更新日:2017.05.13俣野別邸と春の雨
更新日:2017.05.13
俣野別邸と春の雨
最近は機能的な建築が増えて、玄関先で水滴に当たるような経験も少なくなってきました。
俣野別邸の玄関はロータリーになっていて、ホテルなどの入口に似た構造です。車両が屋根の下に入って、雨に濡れずに車を降りて玄関に入れるようになっています。(現在は通常車両では進入できません)

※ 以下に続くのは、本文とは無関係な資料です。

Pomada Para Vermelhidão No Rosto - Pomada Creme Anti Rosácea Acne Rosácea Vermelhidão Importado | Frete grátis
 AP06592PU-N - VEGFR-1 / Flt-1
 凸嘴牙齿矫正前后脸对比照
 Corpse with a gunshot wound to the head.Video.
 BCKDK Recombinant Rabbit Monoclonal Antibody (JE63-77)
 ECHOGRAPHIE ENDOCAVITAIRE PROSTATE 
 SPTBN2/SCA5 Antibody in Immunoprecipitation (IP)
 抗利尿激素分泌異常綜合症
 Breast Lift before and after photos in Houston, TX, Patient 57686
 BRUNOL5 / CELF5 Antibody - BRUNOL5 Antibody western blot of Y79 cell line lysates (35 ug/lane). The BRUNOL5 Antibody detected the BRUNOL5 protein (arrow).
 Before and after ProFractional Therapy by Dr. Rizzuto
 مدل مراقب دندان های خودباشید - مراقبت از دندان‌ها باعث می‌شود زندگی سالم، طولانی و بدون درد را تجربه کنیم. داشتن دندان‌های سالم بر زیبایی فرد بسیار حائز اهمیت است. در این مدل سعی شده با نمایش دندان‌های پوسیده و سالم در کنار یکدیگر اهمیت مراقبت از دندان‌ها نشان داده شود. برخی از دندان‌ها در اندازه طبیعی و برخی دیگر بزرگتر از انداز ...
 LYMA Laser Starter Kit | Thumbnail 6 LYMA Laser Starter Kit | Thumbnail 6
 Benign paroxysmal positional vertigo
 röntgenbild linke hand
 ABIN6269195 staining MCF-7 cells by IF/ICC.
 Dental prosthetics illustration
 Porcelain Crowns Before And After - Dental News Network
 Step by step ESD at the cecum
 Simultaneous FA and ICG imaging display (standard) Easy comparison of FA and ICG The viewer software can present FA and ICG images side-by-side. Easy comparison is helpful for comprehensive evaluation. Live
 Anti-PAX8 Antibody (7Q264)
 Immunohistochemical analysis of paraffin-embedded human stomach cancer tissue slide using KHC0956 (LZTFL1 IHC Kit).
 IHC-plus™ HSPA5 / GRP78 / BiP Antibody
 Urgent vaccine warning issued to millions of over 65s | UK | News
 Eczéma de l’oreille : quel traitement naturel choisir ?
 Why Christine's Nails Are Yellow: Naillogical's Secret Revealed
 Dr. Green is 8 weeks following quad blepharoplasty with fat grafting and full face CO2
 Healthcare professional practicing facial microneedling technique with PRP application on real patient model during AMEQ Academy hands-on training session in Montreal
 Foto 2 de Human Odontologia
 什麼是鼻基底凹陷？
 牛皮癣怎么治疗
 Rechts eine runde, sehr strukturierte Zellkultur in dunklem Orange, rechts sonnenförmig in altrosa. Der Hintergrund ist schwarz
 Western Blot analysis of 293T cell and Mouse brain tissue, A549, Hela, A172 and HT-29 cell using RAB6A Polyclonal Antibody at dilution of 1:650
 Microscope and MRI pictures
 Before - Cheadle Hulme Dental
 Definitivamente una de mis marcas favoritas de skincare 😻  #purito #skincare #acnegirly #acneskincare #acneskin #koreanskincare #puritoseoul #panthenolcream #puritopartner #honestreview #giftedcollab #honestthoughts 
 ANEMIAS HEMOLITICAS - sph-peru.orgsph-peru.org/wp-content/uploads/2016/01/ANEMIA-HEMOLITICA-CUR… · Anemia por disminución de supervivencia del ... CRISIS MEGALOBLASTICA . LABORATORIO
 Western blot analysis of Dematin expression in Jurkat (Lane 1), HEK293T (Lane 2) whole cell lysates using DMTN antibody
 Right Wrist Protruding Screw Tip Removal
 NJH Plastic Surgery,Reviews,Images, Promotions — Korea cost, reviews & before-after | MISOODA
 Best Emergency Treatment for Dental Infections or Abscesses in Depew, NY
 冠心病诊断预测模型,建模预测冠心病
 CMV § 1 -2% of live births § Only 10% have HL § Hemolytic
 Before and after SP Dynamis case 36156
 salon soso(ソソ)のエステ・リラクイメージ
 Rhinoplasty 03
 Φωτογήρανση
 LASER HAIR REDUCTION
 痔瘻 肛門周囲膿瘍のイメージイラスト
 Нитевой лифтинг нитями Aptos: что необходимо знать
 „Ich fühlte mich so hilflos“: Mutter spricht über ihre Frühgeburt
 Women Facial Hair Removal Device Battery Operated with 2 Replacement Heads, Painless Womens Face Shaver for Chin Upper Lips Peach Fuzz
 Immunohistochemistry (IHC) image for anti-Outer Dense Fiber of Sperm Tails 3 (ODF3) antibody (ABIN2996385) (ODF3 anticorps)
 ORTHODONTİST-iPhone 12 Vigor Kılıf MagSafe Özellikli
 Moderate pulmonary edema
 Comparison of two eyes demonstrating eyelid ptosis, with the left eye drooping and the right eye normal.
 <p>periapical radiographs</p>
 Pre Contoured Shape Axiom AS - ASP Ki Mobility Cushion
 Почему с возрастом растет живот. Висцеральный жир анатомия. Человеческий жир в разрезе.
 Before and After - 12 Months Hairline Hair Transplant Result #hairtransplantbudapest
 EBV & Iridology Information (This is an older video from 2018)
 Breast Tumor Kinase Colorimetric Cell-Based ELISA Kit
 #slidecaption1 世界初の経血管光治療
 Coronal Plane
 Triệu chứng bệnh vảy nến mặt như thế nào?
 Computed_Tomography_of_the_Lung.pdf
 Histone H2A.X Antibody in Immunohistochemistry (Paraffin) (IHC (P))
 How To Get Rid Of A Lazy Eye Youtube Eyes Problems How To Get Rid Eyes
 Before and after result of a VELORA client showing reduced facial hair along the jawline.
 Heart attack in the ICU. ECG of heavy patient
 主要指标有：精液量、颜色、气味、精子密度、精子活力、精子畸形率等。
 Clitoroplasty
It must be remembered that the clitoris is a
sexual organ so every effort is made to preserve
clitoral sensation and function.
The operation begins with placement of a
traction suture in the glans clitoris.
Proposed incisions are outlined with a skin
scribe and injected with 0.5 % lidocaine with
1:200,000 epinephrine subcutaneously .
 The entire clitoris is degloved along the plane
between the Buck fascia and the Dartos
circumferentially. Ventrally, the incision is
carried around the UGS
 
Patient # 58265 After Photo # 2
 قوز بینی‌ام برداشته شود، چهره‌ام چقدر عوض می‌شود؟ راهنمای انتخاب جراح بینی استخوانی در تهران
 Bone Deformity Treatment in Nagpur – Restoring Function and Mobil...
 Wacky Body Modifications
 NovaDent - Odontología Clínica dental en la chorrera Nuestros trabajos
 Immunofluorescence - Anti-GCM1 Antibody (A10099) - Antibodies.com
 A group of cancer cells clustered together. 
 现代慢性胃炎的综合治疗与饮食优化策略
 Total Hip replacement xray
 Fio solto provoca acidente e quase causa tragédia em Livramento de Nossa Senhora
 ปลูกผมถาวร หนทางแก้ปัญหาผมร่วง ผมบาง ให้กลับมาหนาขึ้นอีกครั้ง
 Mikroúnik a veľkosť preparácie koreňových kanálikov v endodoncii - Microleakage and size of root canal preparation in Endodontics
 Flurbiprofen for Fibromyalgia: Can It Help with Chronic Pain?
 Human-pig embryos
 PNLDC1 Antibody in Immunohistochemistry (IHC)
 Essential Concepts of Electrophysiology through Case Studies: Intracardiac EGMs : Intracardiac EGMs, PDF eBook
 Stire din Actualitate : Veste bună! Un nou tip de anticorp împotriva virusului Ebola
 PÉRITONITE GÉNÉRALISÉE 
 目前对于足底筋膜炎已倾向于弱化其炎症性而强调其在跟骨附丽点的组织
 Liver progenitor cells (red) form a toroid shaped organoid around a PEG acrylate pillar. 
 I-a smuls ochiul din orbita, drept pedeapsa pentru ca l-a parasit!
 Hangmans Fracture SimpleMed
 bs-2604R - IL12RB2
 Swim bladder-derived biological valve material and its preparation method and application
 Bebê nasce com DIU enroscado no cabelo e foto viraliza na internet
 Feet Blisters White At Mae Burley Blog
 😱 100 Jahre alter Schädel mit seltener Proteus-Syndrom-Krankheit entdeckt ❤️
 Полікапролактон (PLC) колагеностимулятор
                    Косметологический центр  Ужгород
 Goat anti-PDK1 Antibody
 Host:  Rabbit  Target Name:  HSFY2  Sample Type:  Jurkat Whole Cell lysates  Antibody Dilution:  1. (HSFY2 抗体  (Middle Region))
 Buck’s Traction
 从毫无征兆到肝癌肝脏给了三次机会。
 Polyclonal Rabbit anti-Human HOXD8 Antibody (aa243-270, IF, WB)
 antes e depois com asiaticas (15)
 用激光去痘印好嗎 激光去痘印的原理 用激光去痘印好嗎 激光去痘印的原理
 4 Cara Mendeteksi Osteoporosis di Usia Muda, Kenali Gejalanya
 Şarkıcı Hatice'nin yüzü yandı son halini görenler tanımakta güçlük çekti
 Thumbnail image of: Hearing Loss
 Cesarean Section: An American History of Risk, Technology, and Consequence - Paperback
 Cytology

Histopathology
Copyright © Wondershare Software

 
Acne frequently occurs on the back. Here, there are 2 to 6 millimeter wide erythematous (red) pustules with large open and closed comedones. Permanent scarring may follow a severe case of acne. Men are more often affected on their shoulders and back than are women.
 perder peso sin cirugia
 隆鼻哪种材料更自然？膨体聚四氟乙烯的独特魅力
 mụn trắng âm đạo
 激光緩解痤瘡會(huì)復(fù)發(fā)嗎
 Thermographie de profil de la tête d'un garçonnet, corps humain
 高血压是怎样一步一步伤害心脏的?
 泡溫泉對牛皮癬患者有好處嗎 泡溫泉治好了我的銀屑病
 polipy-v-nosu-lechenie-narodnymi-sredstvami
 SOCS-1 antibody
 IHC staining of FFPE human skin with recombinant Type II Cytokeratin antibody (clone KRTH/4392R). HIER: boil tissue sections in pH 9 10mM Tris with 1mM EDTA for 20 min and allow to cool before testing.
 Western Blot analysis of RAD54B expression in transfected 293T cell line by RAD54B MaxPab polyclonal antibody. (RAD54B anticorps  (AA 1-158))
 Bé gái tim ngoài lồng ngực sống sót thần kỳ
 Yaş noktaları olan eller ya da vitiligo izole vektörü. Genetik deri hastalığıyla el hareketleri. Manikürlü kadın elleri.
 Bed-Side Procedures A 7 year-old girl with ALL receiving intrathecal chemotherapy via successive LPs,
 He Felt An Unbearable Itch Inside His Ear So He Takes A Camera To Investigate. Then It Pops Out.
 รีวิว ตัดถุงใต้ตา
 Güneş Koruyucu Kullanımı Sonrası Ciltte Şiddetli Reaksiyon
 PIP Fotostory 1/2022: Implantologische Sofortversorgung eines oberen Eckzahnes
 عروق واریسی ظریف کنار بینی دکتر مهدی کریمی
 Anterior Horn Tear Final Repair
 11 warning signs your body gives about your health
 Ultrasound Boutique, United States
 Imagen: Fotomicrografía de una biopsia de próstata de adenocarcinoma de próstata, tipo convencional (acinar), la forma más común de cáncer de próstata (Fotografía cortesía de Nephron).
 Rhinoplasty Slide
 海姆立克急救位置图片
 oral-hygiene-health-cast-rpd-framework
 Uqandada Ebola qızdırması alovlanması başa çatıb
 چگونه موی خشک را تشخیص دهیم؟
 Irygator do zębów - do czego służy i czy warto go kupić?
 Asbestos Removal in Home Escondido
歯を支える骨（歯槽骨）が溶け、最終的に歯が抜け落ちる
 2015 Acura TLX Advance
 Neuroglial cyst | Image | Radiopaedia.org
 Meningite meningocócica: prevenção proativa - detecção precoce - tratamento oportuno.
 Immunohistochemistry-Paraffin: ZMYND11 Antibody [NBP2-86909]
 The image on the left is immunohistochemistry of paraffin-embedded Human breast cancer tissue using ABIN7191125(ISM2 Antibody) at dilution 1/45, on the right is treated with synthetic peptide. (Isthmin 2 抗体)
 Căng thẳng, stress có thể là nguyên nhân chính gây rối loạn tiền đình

玄関の上は屋根からそのまま続く大きな庇で、玄関の扉の前には庇(ひさし)に溜まった水滴が落ちてきません。庇の雨水は雨樋に流れて鎖樋(くさりとい)で雨水桝(ます)に落ちていきます。鎖樋を雨水が流れる様子を眺められるのも雨の日ならではのチャンスです。
俣野別邸の屋根や庇には樋のないところも多く、その下には小石を敷きつめた雨水受けが作られています。雨樋の水を受ける桝の部分も小石を敷いた形になっています。最近の建物は雨樋から地下の雨水路に直結しているような構造が多いので、雨水をうまく流す工夫を目にする機会も減りました。
庭園には雨の時に見られる色があります。
水琴窟(すいきんくつ)に続く枯山水も本物の水を得て艶を見せます。
水を弾く葉は水玉を載せたり転がしたりします。
5月の高い陽光に照らされていると光のグラデーションのようですが、やや暗い空の下では新芽の明るい色を改めて見比べることができます。
水滴を載せてみずみずしいジギタリスはいまたくさん咲いています。
林床で明るい黄色のラミウムの花は終わりましたが、雨もよく似合う紫のラミウムがいま咲いています。
ドウダンツツジもまだたくさんの花をつけています。